2.      Attend a dog show.  You can find upcoming dog shows in your area by going to InfoDog.com.  Generally, about a week before the event, they will list the exact time and the ring that Boston's (or the breed you are searching for) will be there.  Go to the show and talk to some of the breeders.  But please be courteous, and don't interrupt them as they're going into the ring.  Most of them will love to talk to you about their wonderful breed, and many have or know of other good breeders who may have puppies available.  Keep in mind, that just because a breeder shows their dogs, does not mean that they only have show dogs to sell.  Additionally,  just because a breeder shows their dogs, does NOT automatically make them reputable.

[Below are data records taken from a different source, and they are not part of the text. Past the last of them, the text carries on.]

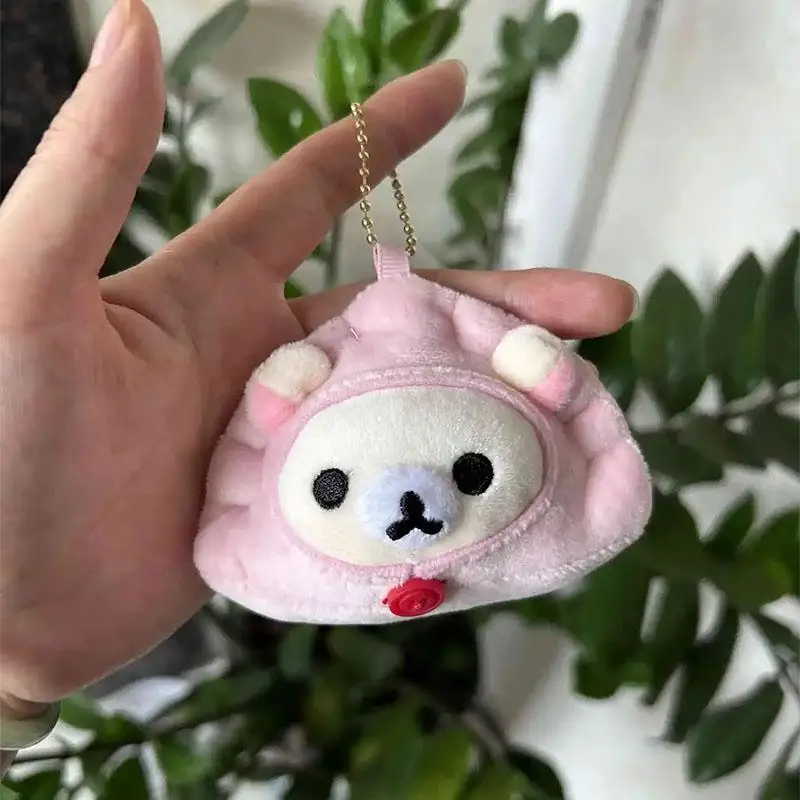 New Kawaii Cute Rilakkuma Plush Keychain Shrimp Dumpling Shaped Pendant Bag Accessories Cartoon Anime Doll Girl Birthday Gift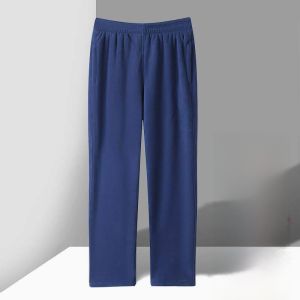 Mens Winter Thickened Fleece Lined Casual Sports Pants Fluffy Winter Long Trousers Middle-aged Dad Clothes Straight Leg Fit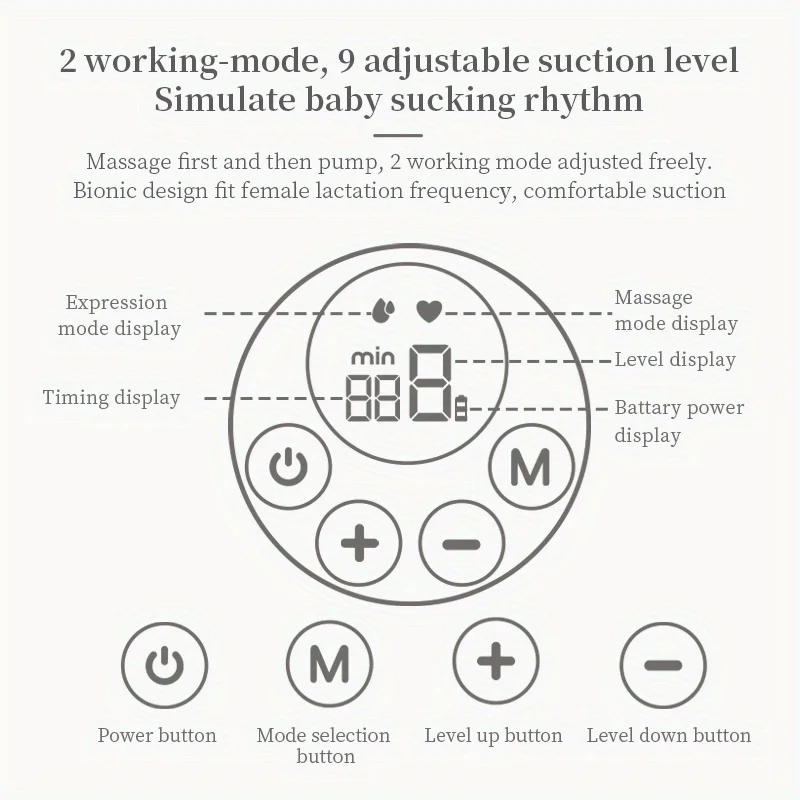 Wearable Electric Breast Pump Integrated High Suction Invisible Wireless Armless Fully Automatic Portable Massage Breast Pump
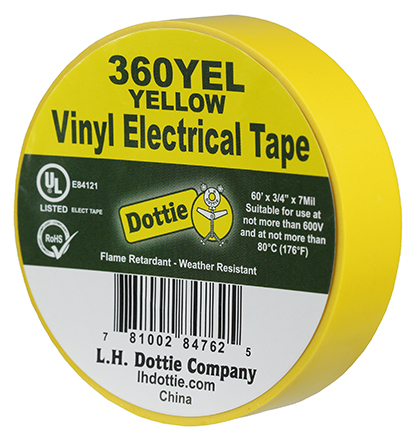 Color Coding Tape, Polyvinyl Chloride material, Yellow, 60 ft. length, 3/4 in. width, 30 N/CM tensile strength, 7 mil. thickness, Steel-1.5, Backing-0.15 N/CM adhesion strength, 600 V voltage rating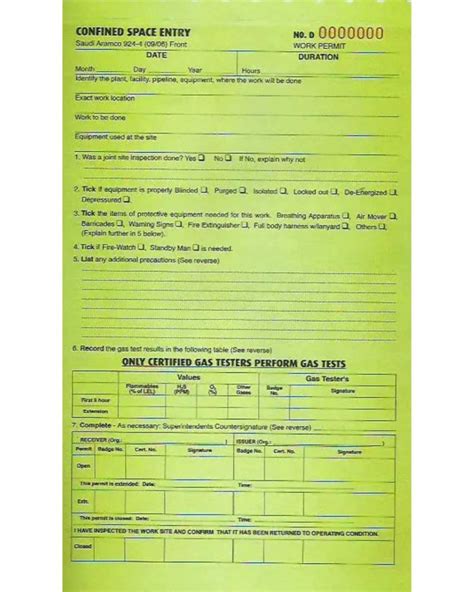 Saudi Aramco Work Permit Types Confined Space Entry Work Permit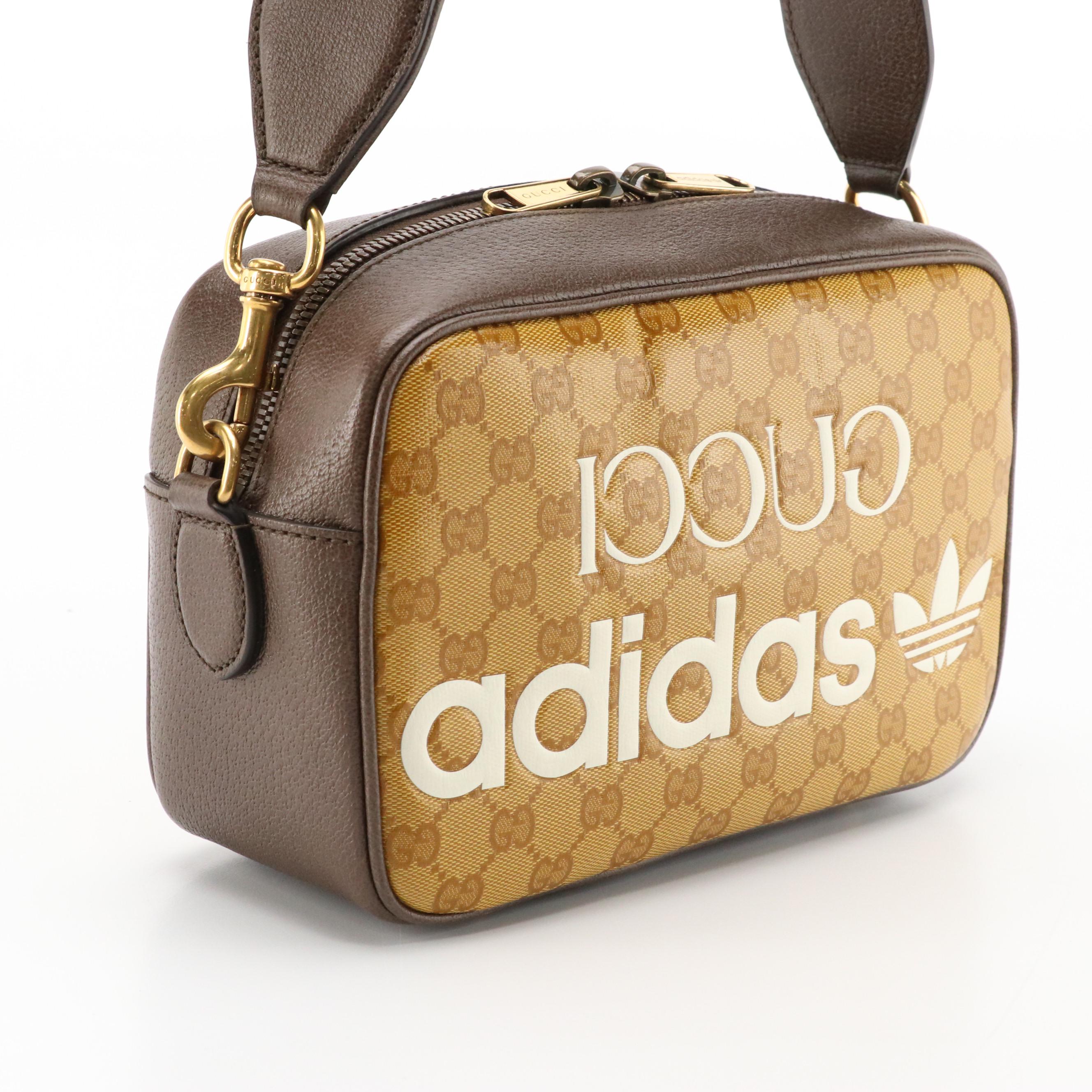 adidas x Gucci Camera Shoulder Bag in GG Crystal Canvas/Cinghiale Leather w/ Box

3.       If the breeder will only meet you in a store parking lot, you should wonder what they are trying to hide.  You should ALWAYS be able to see the living conditions of both the puppies and the parents.  The puppies and the mother (and their living/sleeping quarters) should be clean and dry, and they should appear completely healthy.  Keep in mind that the mothers do look somewhat lean at this time as she's nursing the puppies, but their coat should be shiny, and their eyes bright and attentive.  The puppies should appear healthy, be clean, playful, and well socialized. They should also LOOK like the breed they are!

4.      The internet is a wonderful tool, though a deceiving one.  Most responsible breeders do not need to advertise their puppies on an internet classified, nor do any that I'm aware of offer a "point and click" purchase of a puppy (and absolutely NONE accept credit cards OR PayPal!)  Buying a puppy sight unseen (or just from photographs) is dangerous.  What you see is not always what you get.  If you cannot physically visit the breeder's home yourself, I highly recommend you locate a friend living in the vicinity to do it for you.  Be sure that the friend you choose is aware of the proper questions to ask and what to look for while they are at the breeders home.

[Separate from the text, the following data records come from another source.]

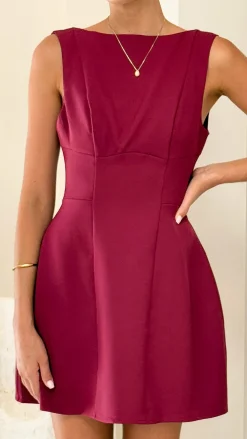 SASHA (BNE) Dresses|Mini^Rafiki Mini Dress - Wine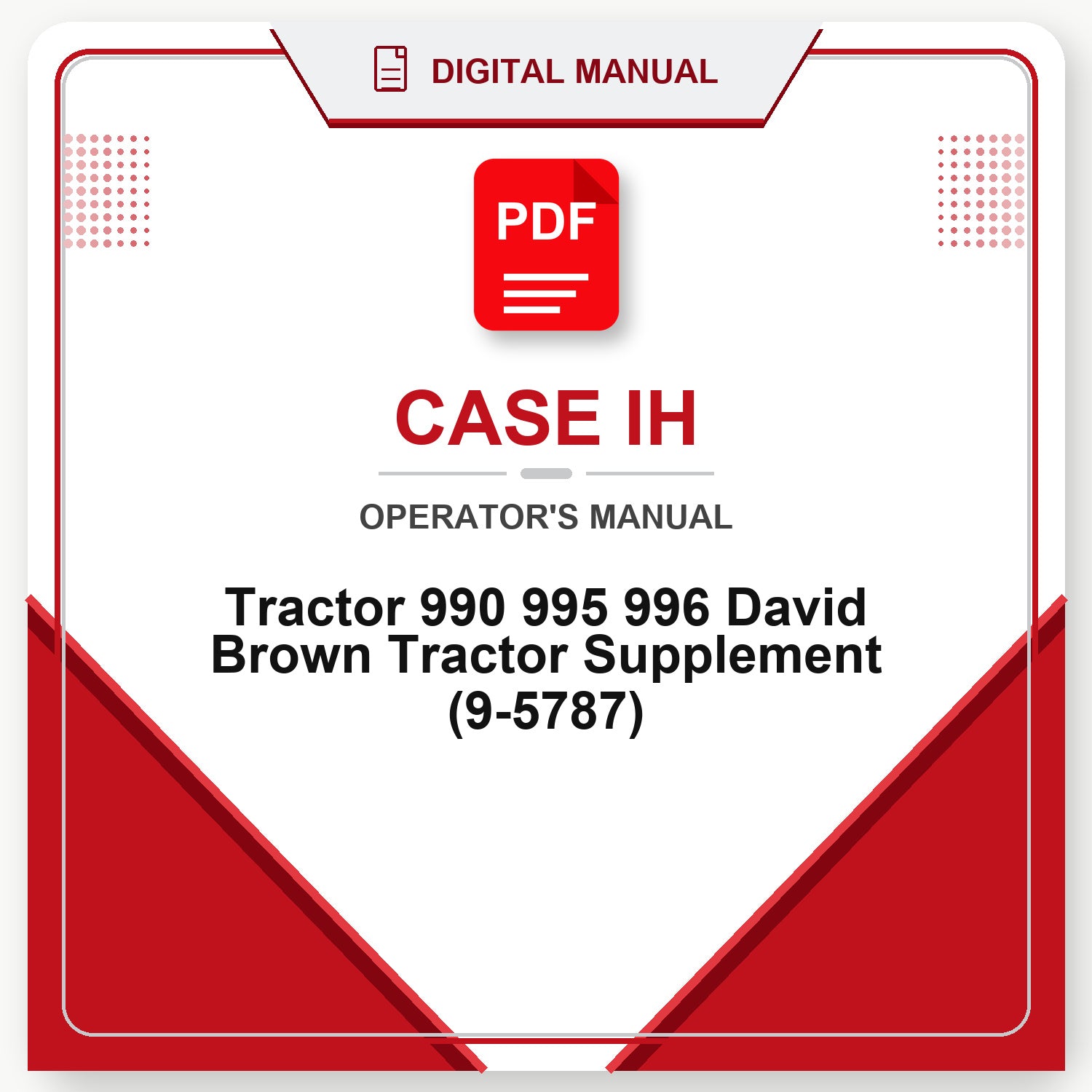 Case IH Tractor 990 995 996 David Brown Tractor Supplement Operator's Manual (9-5787)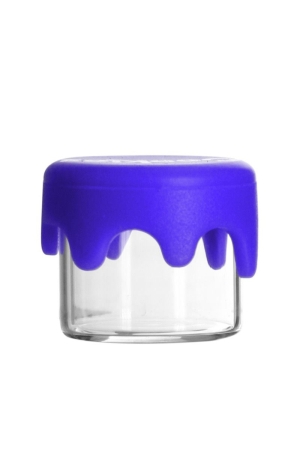 Стъклено бурканче 5мл. със синя силиконова капачка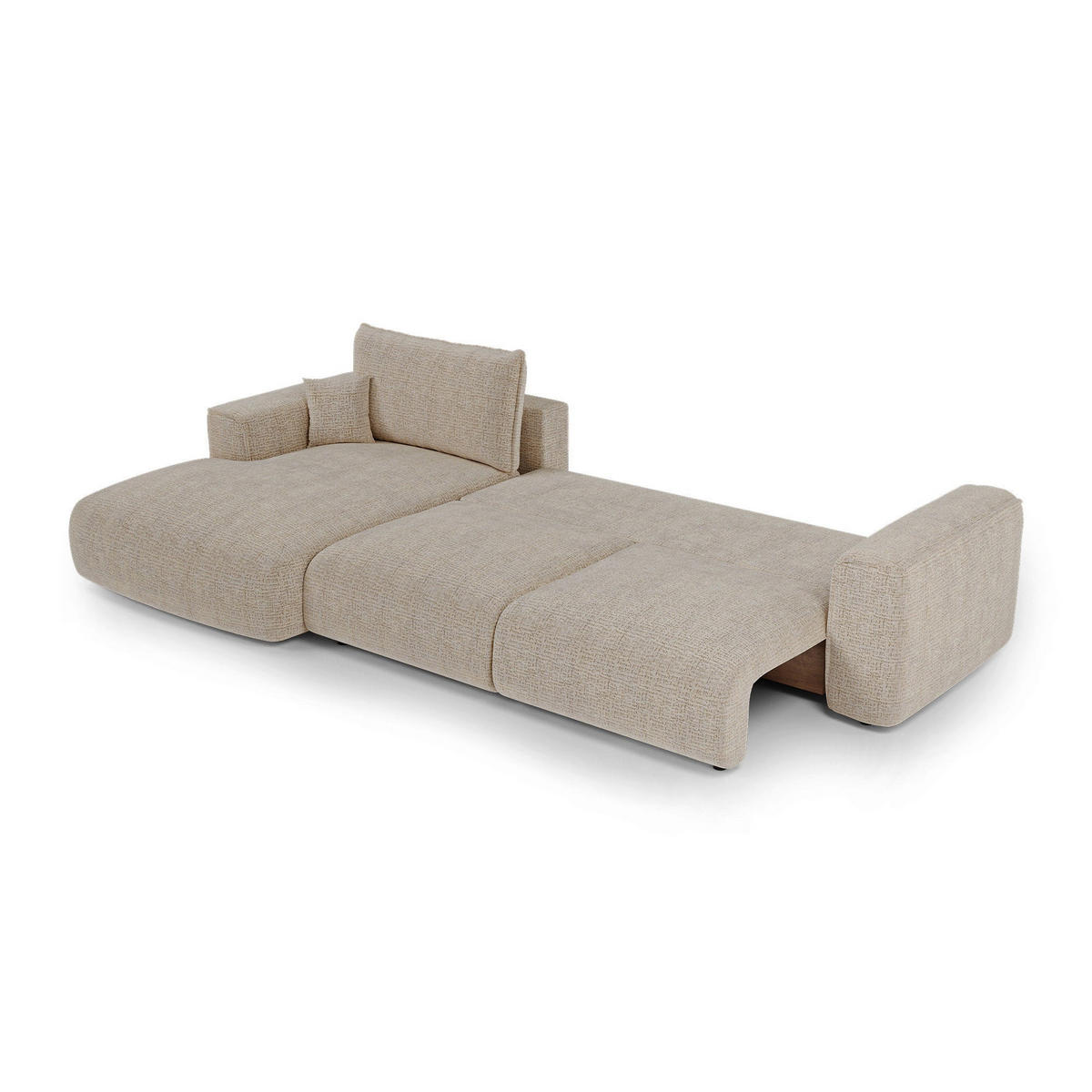 LINKSECK-SCHLAFSOFA mit Stauraum COMO Kettgewebe mit weichem Griff Beige 297cm - Beige, Textil (297/167cm) - Premium Interiors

5.      Is the breeder USDA licensed?  If they are, that is a red flag to you that this breeder is a puppymill.  Class A licensing is required by USDA for any breeder who sells puppies to a broker or pet shop.  Puppymills and BYB's do NOT check for genetic problems, nor do they care.  They only want your $$.  Puppymills will generally breed a bitch her very first season, and she will unfortunately wind up living in a 3x3 cage her whole life being bred every single heat after that until she is either dead or doesn't produce anymore litters.  Check out the puppymill link on my home page for more details on them.

6.      Has the breeder sold puppies to pet stores?  Have they sold/given any puppies to another person to sell the puppies for them?  Neither of these scenario's are acceptable.  A responsible breeder wants to KNOW where their puppies are going, who they've been sold to, and who is going to raise them to adulthood.  A responsible breeder wants to check out your references too.  A responsible breeder doesn't care if you have the most money and are first in line, but they DO want to know that you are a responsible person.  

7.      You should be able to see both parents (at the very least, a picture...as some breeders do use outside males). Frequently, the puppies turn out very similar to the parents in size, temperament, and looks.  Is that what you want?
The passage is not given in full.